Local police have been accused of ‘playing power games’ in relation to the Brunswick Heads drumming circle, after they set up a random breath test operation directly opposite the gathering.
In a move that appeared to directly target the drummers and dancers, officers from Tweed-Byron Police parked their testing van next to Torakina Park on January 3.
This is the location where the circles have taken place on Sunday afternoons and evenings for much of the past year.
A local man who attended the January 3 gathering said that the drummers were told to move on by police. ‘A group of around 30 people stayed in the park,’ said the man, who asked to remain anonymous.
‘The vibe was good, but many were disappointed at the level of police enforcement. Police were playing power games’.
After being moved on, a group of drummers reportedly headed up to the surf club and recommenced playing.
However, the drummers and those watching them were once again moved on by police soon after, at around 5.30pm.
‘One lady asked why, and was told by police that they had been ordered by NSW Health to move on groups of over 100.’
‘What’s funny is that there was no ‘group’ per se – just a Sunday afternoon at the beach with people in small groups in various locations watching a small group of drummers.
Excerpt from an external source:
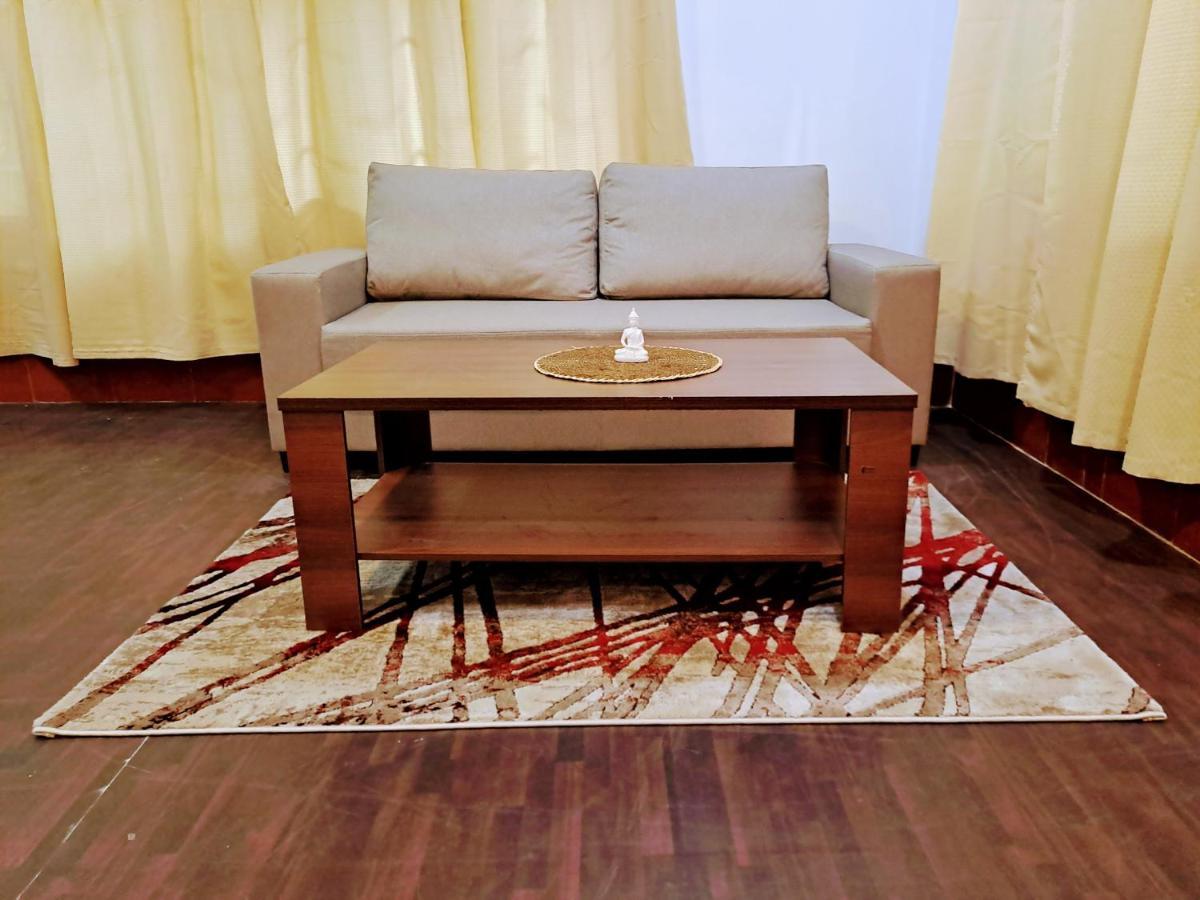 Strawberry Swing Homestay Guwahati Luaran gambar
A police spokesperson confirmed that officers had gone to the park, and said that they had been ‘engaged by a private company to operate a User Pays Service’.
‘As part of this operation, officers conducted a traffic enforcement operation in the nearby area.’
The spokesperson did not comment on the private company which had hired the police to intervene, but The Echo understands that it was Reflections Holiday Parks.
The spokesperson denied that police had issued any move-on directions in Torakina Park or at the Surf Club. She said officers had been called to the surf club ‘following reports of intoxicated persons’.
The drumming circle has been a source of considerable community discussion and debate over the past two months, as it has grown in popularity. A number of long-term Bruns locals have complained about the noise generated by the drumming, as well as what they say is a lack of social distancing.
Those taking part in the gathering say that it is a spontaneous event that provides a vital opportunity for human connection and creativity.